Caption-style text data
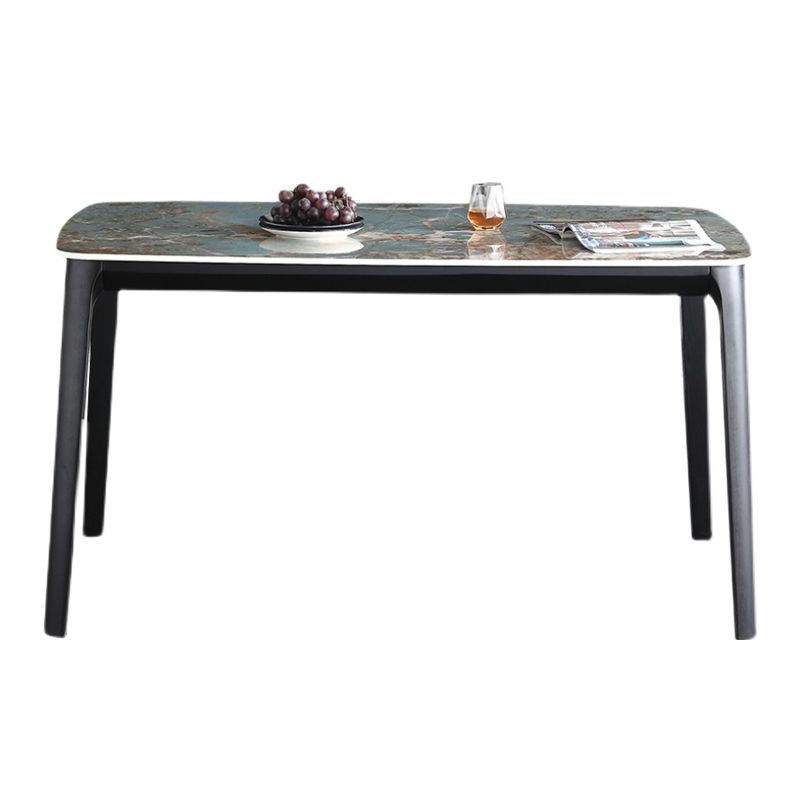 Sintered Stone Top Blue Table Modern Dining Table with Wooden Base and 4 Legs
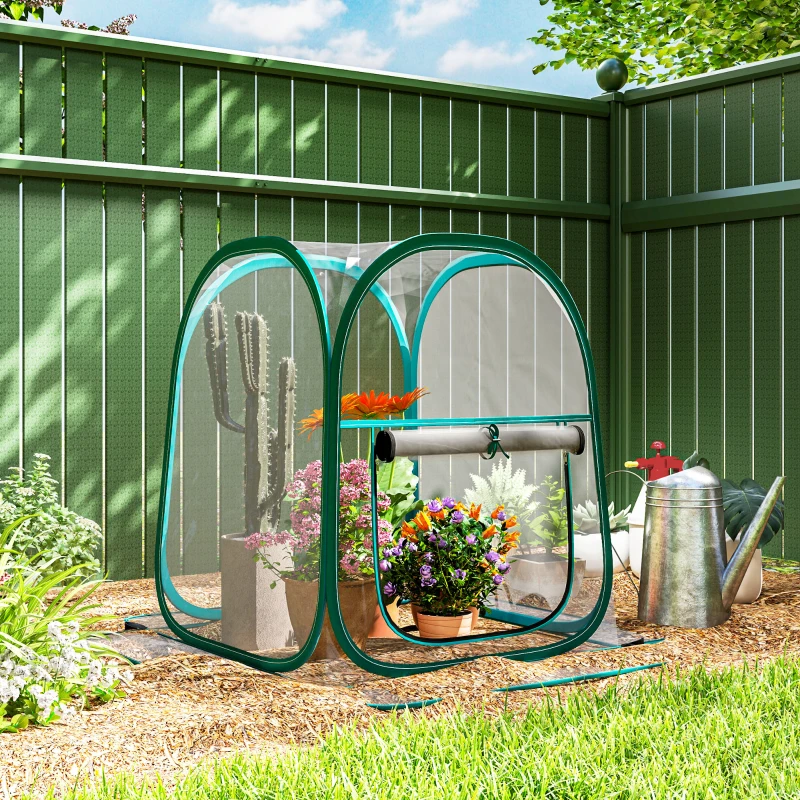Outsunny Mini Seră Pop-Up cu Acoperire din Plastic, Fereastră Rulabilă și Geantă, 70x70x80 cm, Transparentă
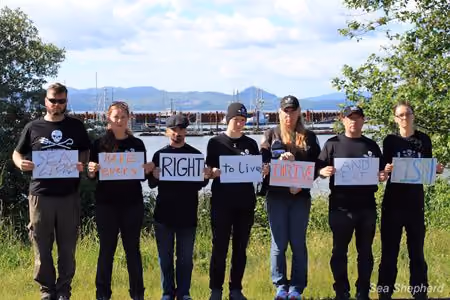 Guardiões da Enseasa ficaram na Represa Bonneville en o Porto de Astoria durante 78 dias no início desta primavera. Foto: Sea Shepherd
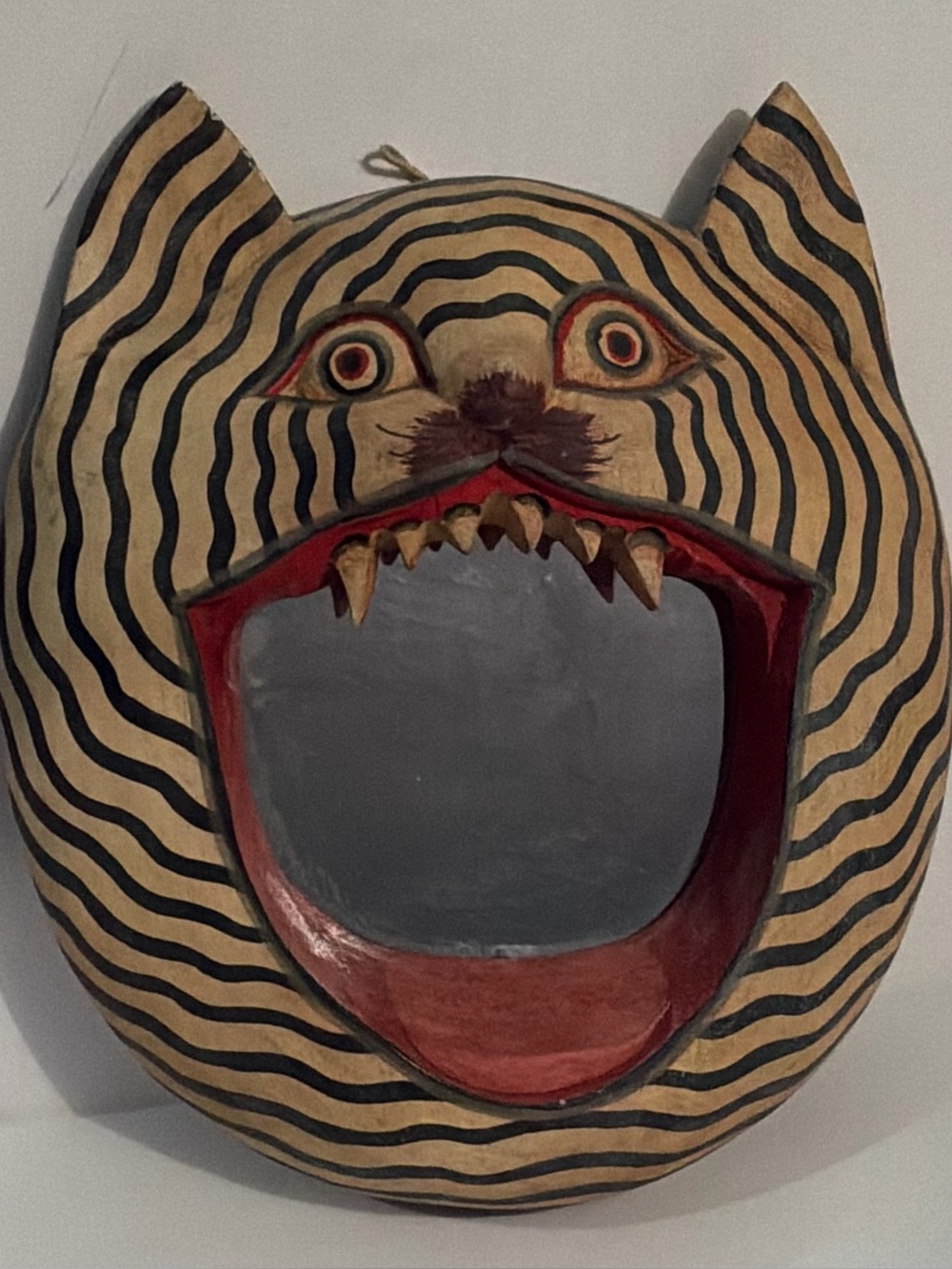 Vintage Cat Head Mirror Balinese Wooden Carved Hand Painted Tiger Striped Tabby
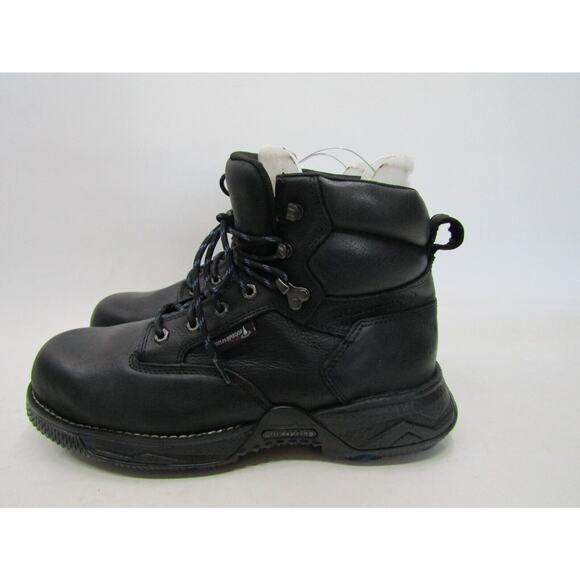 Wolverine Mens Sz 11.5 Black Leather Composite Toe Laces Comfort Work Ankle Boot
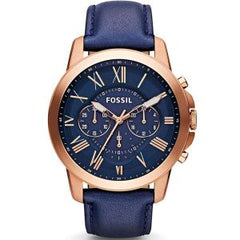 Fossil Men’s Quartz Chronograph Blue Leather Strap Blue Dial 44mm Watch FS4835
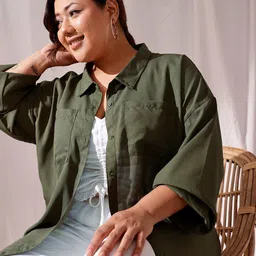 CURVY STREET Spread Collar Extended Sleeves Oversized Comfort Casual Shirt-22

**Task requirements:** Would you copy out all the data exactly, without the images?

**Finished task:**
 Sintered Stone Top Blue Table Modern Dining Table with Wooden Base and 4 Legs
Outsunny Mini Seră Pop-Up cu Acoperire din Plastic, Fereastră Rulabilă și Geantă, 70x70x80 cm, Transparentă
 Guardiões da Enseasa ficaram na Represa Bonneville en o Porto de Astoria durante 78 dias no início desta primavera. Foto: Sea Shepherd
 Vintage Cat Head Mirror Balinese Wooden Carved Hand Painted Tiger Striped Tabby
 Wolverine Mens Sz 11.5 Black Leather Composite Toe Laces Comfort Work Ankle Boot
 Fossil Men’s Quartz Chronograph Blue Leather Strap Blue Dial 44mm Watch FS4835
 CURVY STREET Spread Collar Extended Sleeves Oversized Comfort Casual Shirt-22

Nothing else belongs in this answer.